To create multiple region-specific plots at once, the regions of interest can be
listed in a separate file and passed to the scattter
command with the
-l
/--range-list
option. This is equivalent to creating the plots
separately with the -c
option and then combining the plots into a single
multi-page PDF.
The bin-level log2 ratios or coverages can also be plotted without segmentation calls:
cnvkit.py scatter Sample.cnr
This can be useful for viewing the raw, un-corrected coverage depths when deciding which samples to use to build a profile, or simply to see the coverages without being helped/biased by the called segments.
The --trend
option (-t
) adds a smoothed trendline to the plot. This is
fairly superfluous if a valid segment file is given, but could be helpful if the
CBS dependency is not available, or if you’re skeptical of the segmentation in a
region.
SNV b-allele frequencies¶
Loss of heterozygosity (LOH) can be viewed alongside copy number by passing
variants as a VCF file with the -v
option. Heterozygous SNP allelic
frequencies are shown in a subplot below the CNV scatter plot.
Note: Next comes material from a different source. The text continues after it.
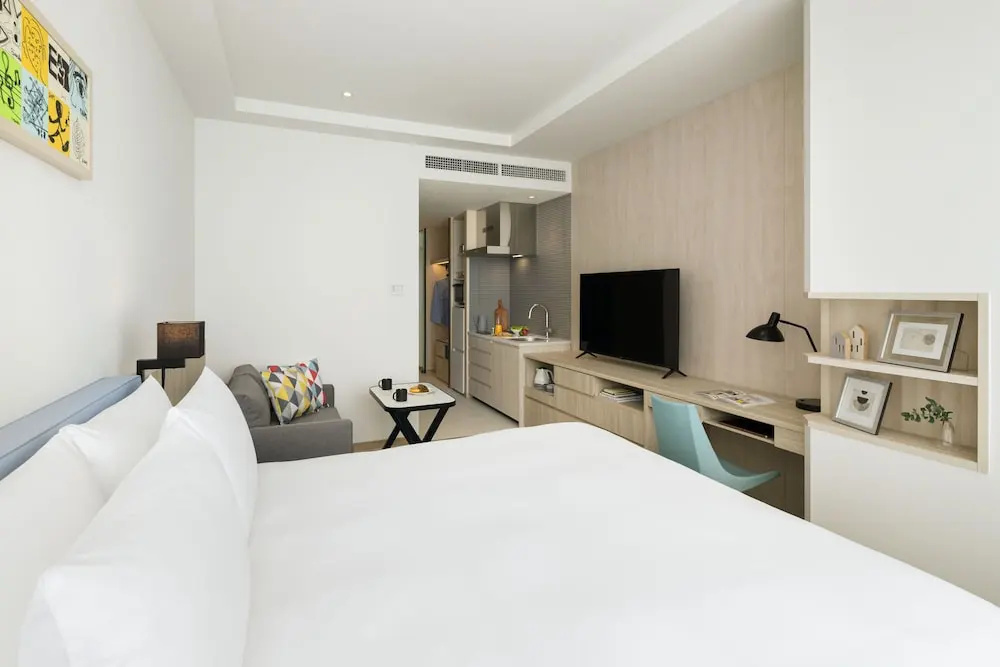 Hyatt House Tokyo Shibuya, photo 4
cnvkit.py scatter Sample.cnr -s Sample.cns -v Sample.vcf
If only the VCF file is given by itself, just plot the allelic frequencies:
cnvkit.py scatter -v Sample.vcf
Given segments, show the mean b-allele frequency values above and below 0.5 of SNVs falling within each segment. Divergence from 0.5 indicates LOH in the tumor sample.
cnvkit.py scatter -s Sample.cns -v Sample.vcf -i TumorID -n NormalID
Regions with LOH are reflected in heterozygous germline SNPs in the tumor sample with allele frequencies shifted away from the expected 0.5 value. Given a VCF with only the tumor sample called, it is difficult to focus on just the informative SNPs because it’s not known which SNVs are present and heterozygous in normal, germline cells. Better results can be had by giving CNVkit more information:
- Call somatic mutations using paired tumor and normal samples. In the VCF, the somatic variants should be flagged in the INFO column with the string “SOMATIC”. (MuTect does this automatically.) Then CNVkit will skip these for plotting.
- Add a “PEDIGREE” tag to the VCF header, listing the tumor sample as “Derived” and the normal as “Original”. (MuTect doesn’t do this, but it does add a nonstandard GATK header that CNVkit can extract the same information from.)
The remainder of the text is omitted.